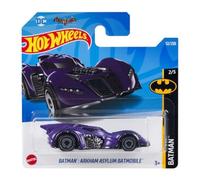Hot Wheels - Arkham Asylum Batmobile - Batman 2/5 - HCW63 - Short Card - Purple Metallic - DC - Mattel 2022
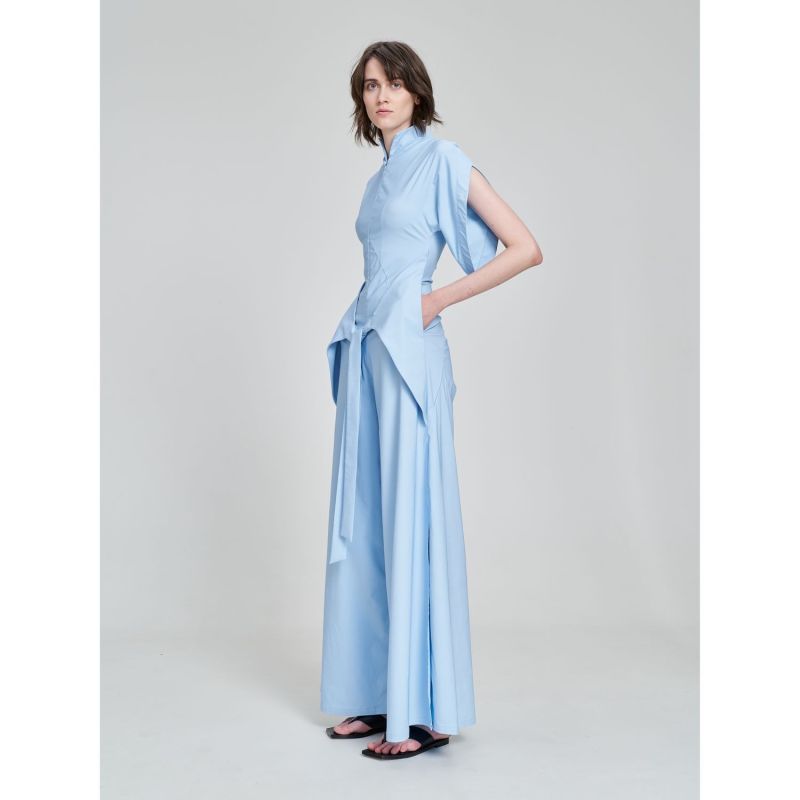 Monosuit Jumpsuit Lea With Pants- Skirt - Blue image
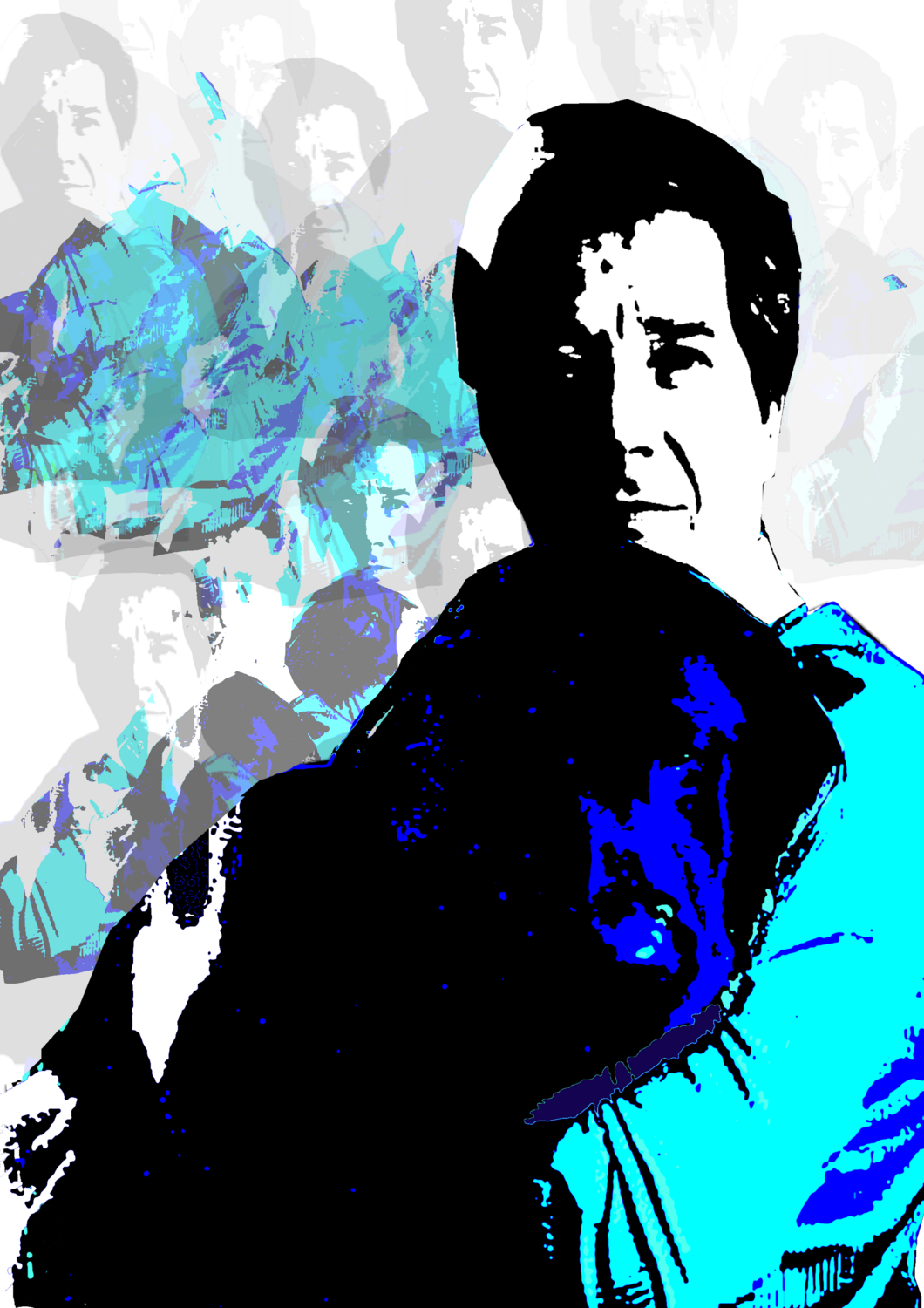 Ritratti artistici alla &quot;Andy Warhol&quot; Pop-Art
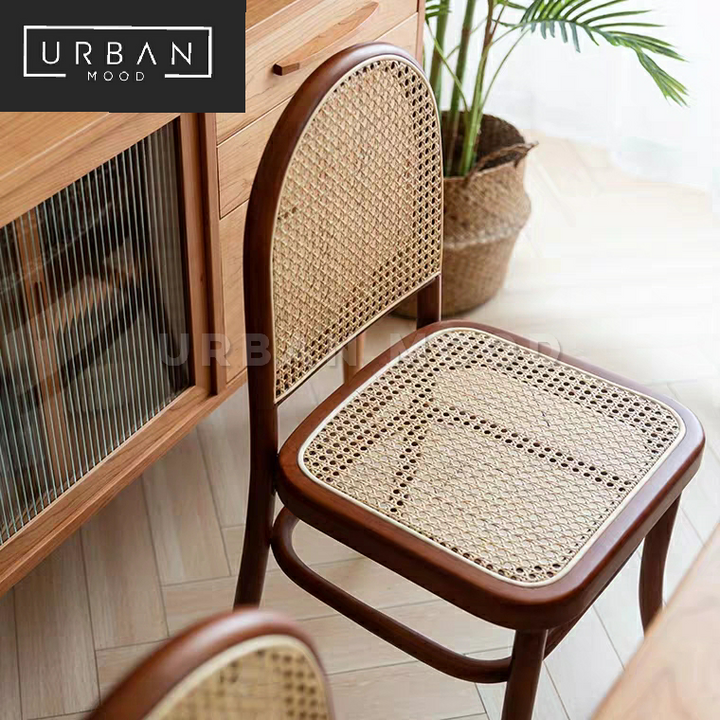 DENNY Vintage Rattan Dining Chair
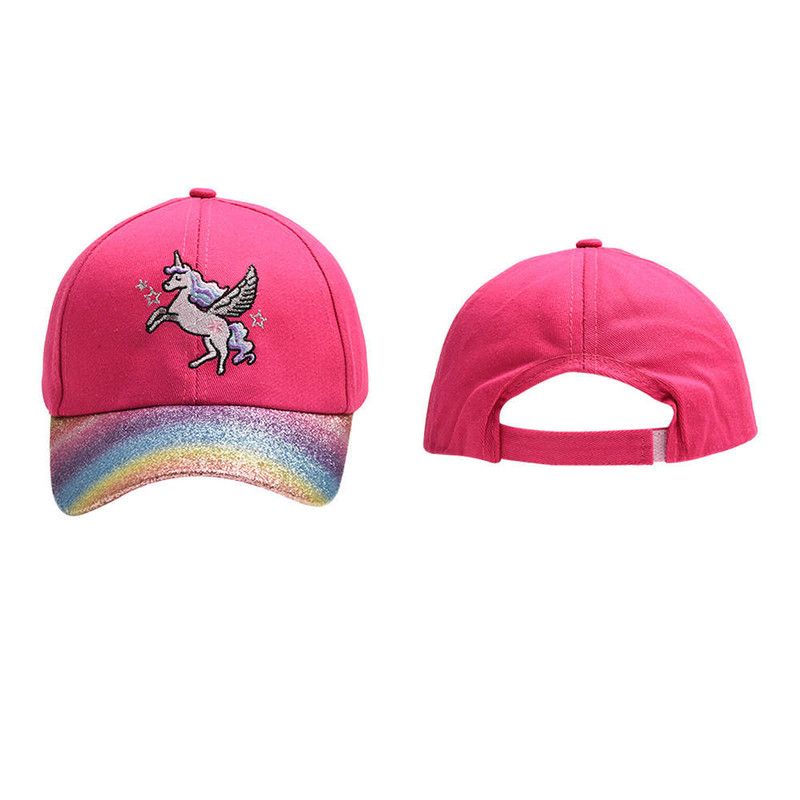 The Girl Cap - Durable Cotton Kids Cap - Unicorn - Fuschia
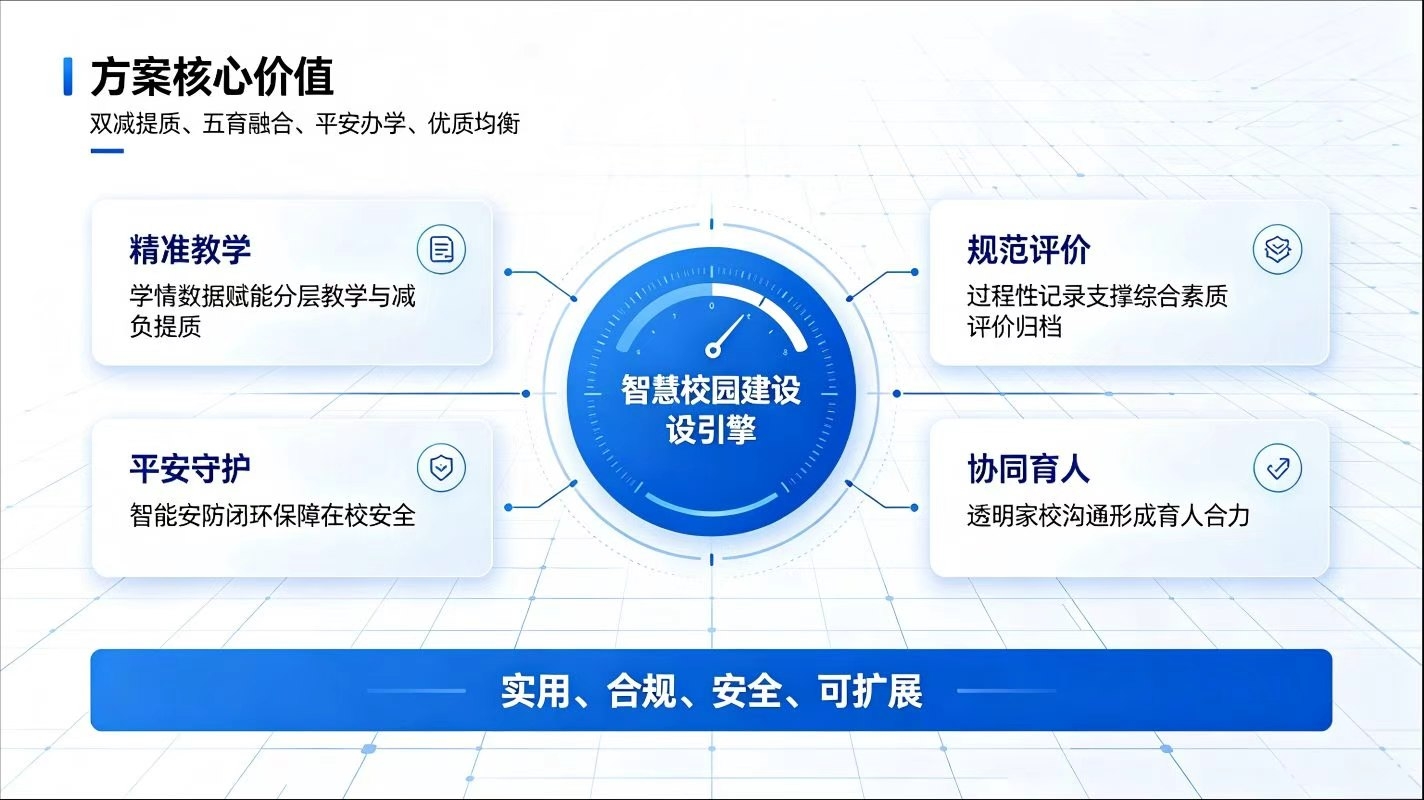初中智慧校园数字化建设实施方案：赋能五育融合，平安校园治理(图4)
========================
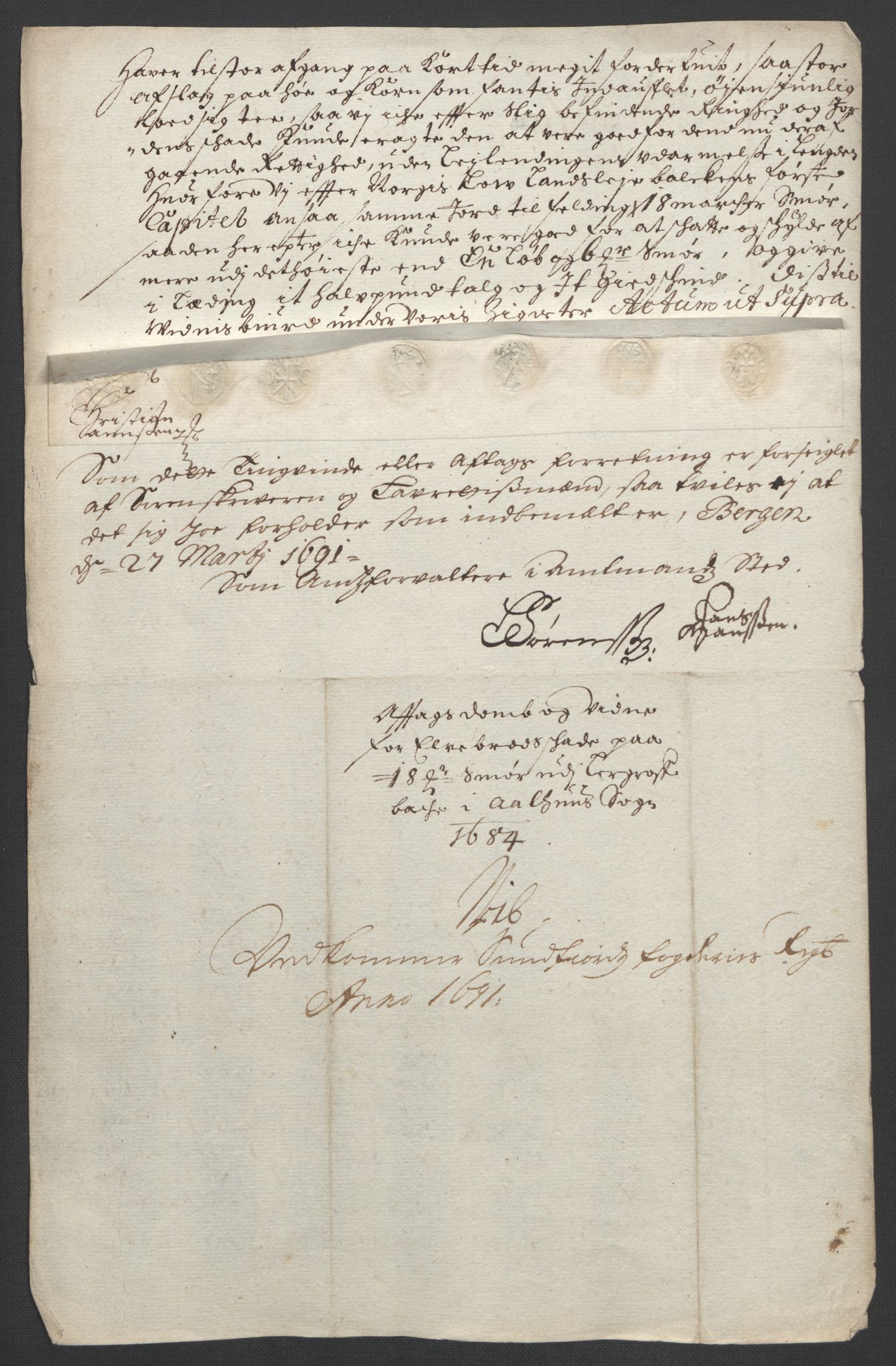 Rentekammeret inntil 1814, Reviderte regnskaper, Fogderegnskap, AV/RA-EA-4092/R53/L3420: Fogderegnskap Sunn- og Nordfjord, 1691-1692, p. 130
========================
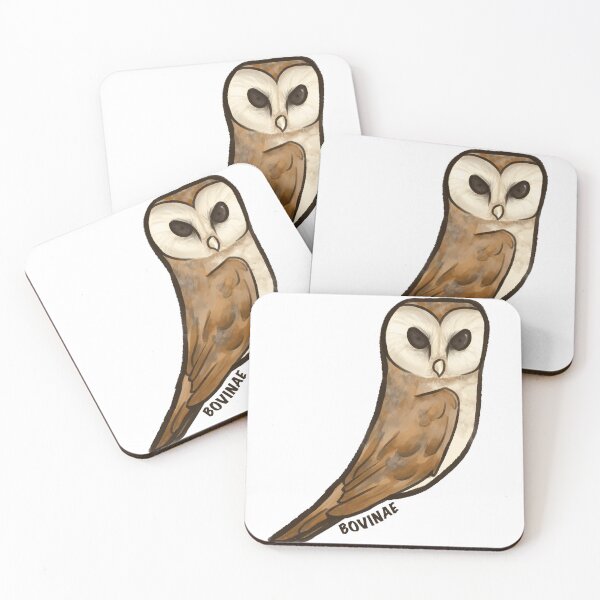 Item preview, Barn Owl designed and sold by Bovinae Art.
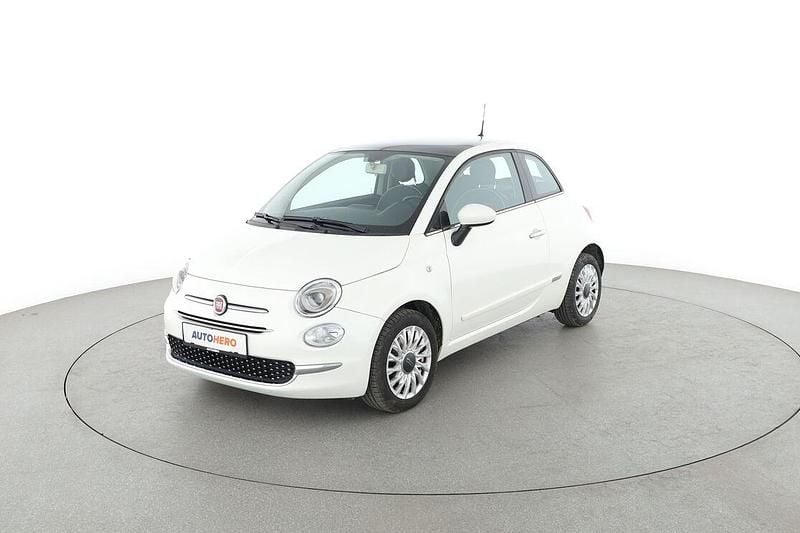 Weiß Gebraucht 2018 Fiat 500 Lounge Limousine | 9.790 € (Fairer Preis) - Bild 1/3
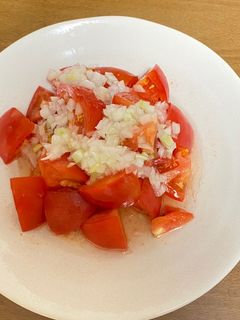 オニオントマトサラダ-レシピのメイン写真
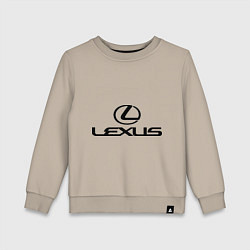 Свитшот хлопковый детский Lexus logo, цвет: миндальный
========================
:: TASK TO COMPLETE ::
Give back exactly the lines above from the one with "Hot Wheels - Arkham" through the one with "初中智慧校园数字化建设实施方案：赋能五育融合，平安校园治理(图4)", both included. Pictures don't belong in the copy.

:: RESULT BELOW ::
Hot Wheels - Arkham Asylum Batmobile - Batman 2/5 - HCW63 - Short Card - Purple Metallic - DC - Mattel 2022
 Monosuit Jumpsuit Lea With Pants- Skirt - Blue image
 Ritratti artistici alla &quot;Andy Warhol&quot; Pop-Art
 DENNY Vintage Rattan Dining Chair
 The Girl Cap - Durable Cotton Kids Cap - Unicorn - Fuschia
初中智慧校园数字化建设实施方案：赋能五育融合，平安校园治理(图4)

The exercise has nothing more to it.